Here in Dallas we have brevets, permanents or populaires within two hours of our house almost every Saturday and Sunday. It was less challenging to do 10,000 RUSA kilometers in Dallas than 3,000 RUSA kilometers in Durango. We have discovered Lone Star Randonneurs like to ride their bikes as much as we do. The best thing about riding in Texas has been the great cycling partners that have adopted us.
The Lone Star Randonneurs have adopted the slogan "ride like a girl." We have so many outstanding females in our club it's sometimes hard to keep up. My wife Robin has been a stronger cyclist than me for the last several years and it's about all I can do to "ride like a girl." I'm proud to point out that five women from LSR reached the 10,000-kilometer plateau. In a sport dominated by men, that's an outstanding accomplishment. Robin and I found our new riding group in what started as a rather unfortunate situation. On an early 600k in Mineral Wells I broke the crank on my bike. I was finished. I found a ride back to my car at the first control. Robin and I were in the car ready to leave when Dan Driscoll insisted Robin get out of the car and finish the ride with his group. Since then, we've become close friends and riding partners. Sometimes things happen for a reason. I'm really glad I broke that crank.
Riding 10,000 km created adventures and lasting memories. We saw towns in Texas we had never heard of—from Tom Bean to Rice, Frognot to Princeton, Rockett to Venus, plus visits to Italy, Dublin, and Paris.
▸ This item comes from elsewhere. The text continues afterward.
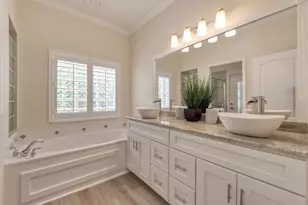 8408 Whispering Woods Ct, Lakewood Ranch, FL 34202 - Photo 45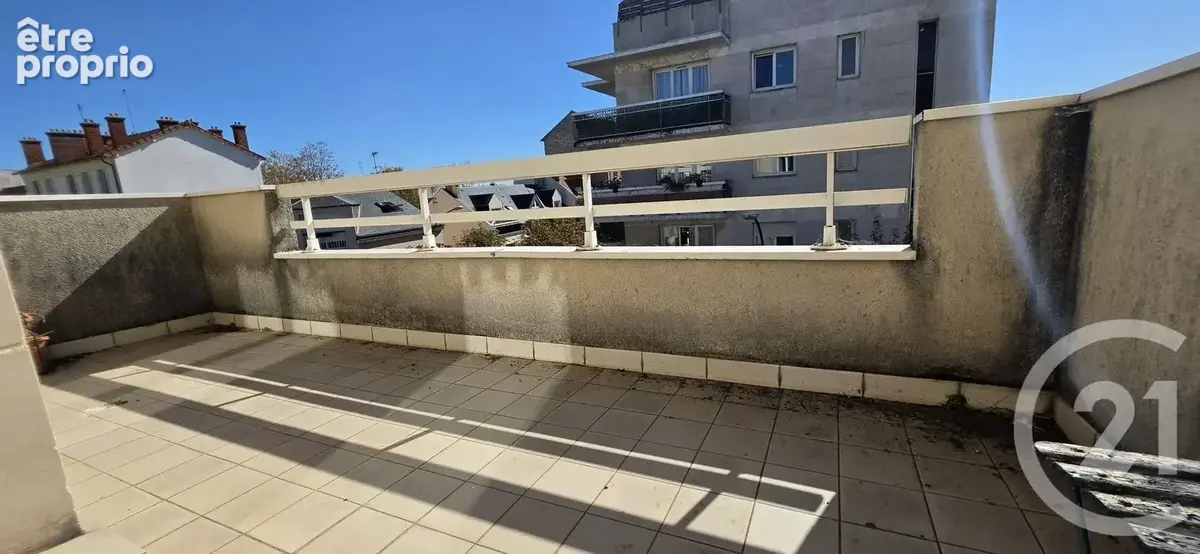 Appartement 9 pièces 144 m² à vendre à Saint-Maur-Des-Fosses (94100) - photo 3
We met kind, curious people along the way—control employees now welcome those "crazy bikers" like family. We rode to the middle of nowhere for a bakery or hole in the wall buffet —we do love to eat! We met true cowboys. We saw gazillions of Texas wildflowers, and savored the perfume of bluebonnet fields. It was not always easy, with ever-changing conditions such as summer heat, thunderstorms, snow or gale force winds. But like birds, somehow we soared from point A to point B. Why? To push one's own limits; for the personal challenge and perseverance.
About 700 days ago, the thought of riding a 200k (much less PBP!) was complete science fiction to me! I was quite happy pedaling with my local Fort Worth Bicycle Association and extremely proud of my two centuries that year. That all changed in a hurry. I started dating this fella, Dan Driscoll, and he began slyly converting me into a randonneur! Within six months of first hearing words like randonneur and brevet, I had completed my first series, began building a custom brevet bike, brutalized every part of my body and had stopped keeping count of my century rides. I was hooked!
I really thought 2007 would be a ditto of 2006, just adding PBP, but all those miles kept coming and it seemed to make sense at the time! Then it happened. Instead of Dan always babysitting me, I was starting to hang with the "big kids!" Then I was contributing every once in a while. Then I started getting my own quirks on the rides. I felt like I was getting yet another family. Laughing, grunting, teasing, groaning. Funny how your definition of fun gets all twisted around!
My real life with the Fort Worth Stock Show & Rodeo now includes my co-workers rolling their eyes at my weekend activities. Going from hugely supportive to just plain ol' baffled this year! Finishing PBP was a personal highlight. I was determined to be the happiest finisher and I think I appeared to be the most demented, but oh what a thrill!
Nothing like having a personal challenge, plus a great cheerleader and coach all at the same time. Throw in getting to befriend some amazing people, and who wouldn't want to ride every weekend? It actually becomes the norm when you have great riding friends and wonderful routes. Or maybe it's just something about cold beer and ice cream?